The European Court of Justice dismissed a case against wood biomass of individuals and NGOs from six countries (Case T-141/19). According to the court the case lacked standing to challenge the EU’s inclusion of forest biomass in the bloc’s Renewable Energy Directive.
Plaintiffs from Estonia, France, Ireland, Romania, Slovakia and the US brought up claims that the EU’s biomass policy is destroying forests and increases greenhouse gas emissions. They argued the treatment of biomass as carbon neutral runs counter to scientific findings. According to the plaintiffs, burning wood for energy typically emits 1.5 times more CO2 than coal and 3 times more than natural gas. Whereas the general understanding is that wood biomass emitts only 25% of CO2 in comparison to fossil fuels (CO2 emissions from processing woody biomass).
Biomass makes up 60% of Europe’s renewable energies and is a vital contribution to the green goals.
The court described that arguments had no merit, since the contested directive “applies to all persons, both natural and legal. The applicants do not put forward any factor recognised by case-law which would be capable of distinguishing them individually as addressees.” The plaintiffs acknowledged that the environmental protection “affects everyone in both current and future generations”. However, they did not argue how the directive sets them apart as natural and legal persons and infringes upon their rights as such.

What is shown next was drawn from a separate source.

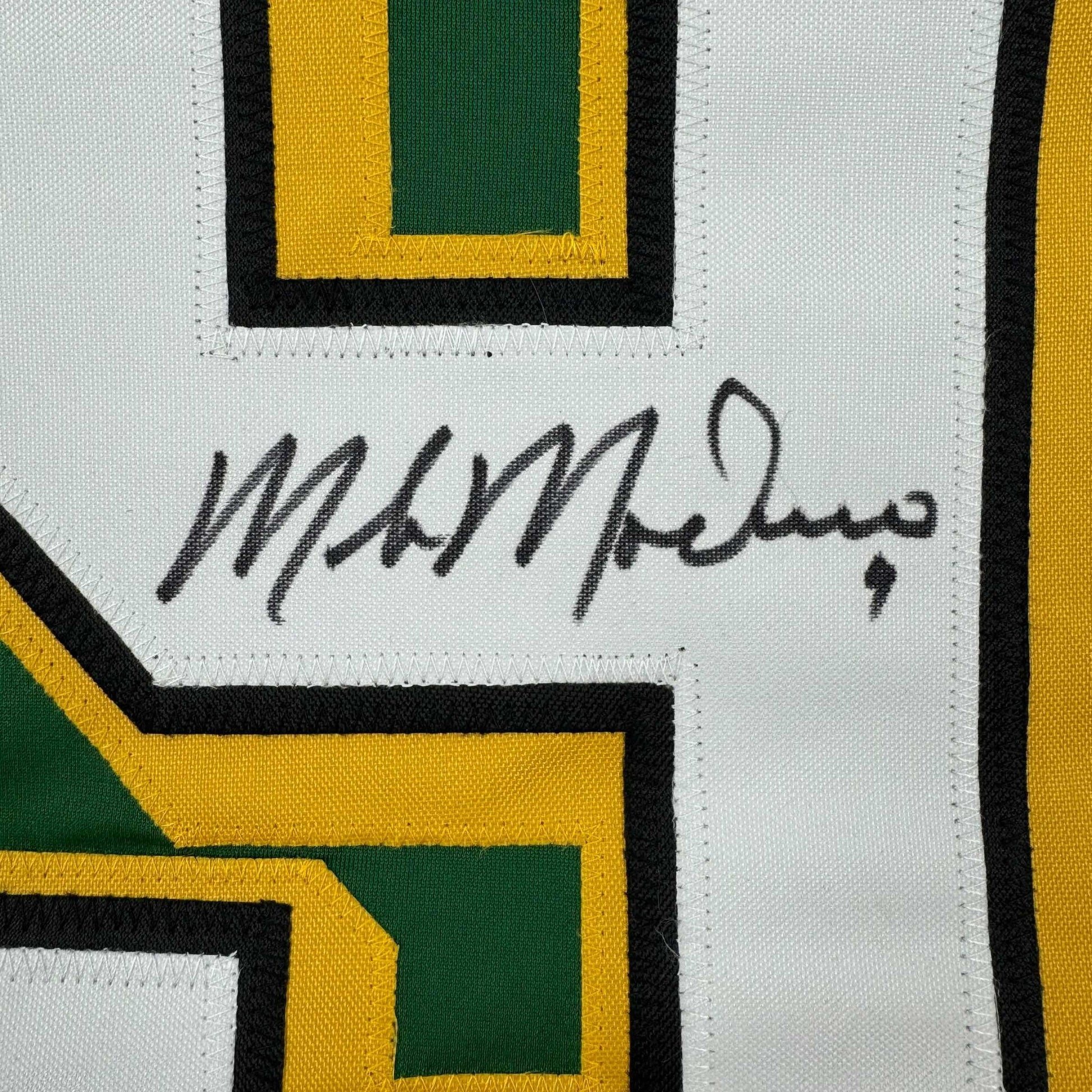 Autographed/Signed Mike Modano Minnesota Green Hockey Jersey Beckett BAS COA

The decision was welcomed by biomass association from both sides of the Atlantic. “Although this was a procedural ruling this was the right overall result, as the arguments put forward in the case had no value. The European institutions carried out an open consultation to gather scientific and environmental advice and considered these during the legislative process. The result was a revised Renewable Energy Directive that set out rigorous standards for the inclusion of sustainable biomass in the European energy mix,” USIPA executive director Seth Ginther commented the decision.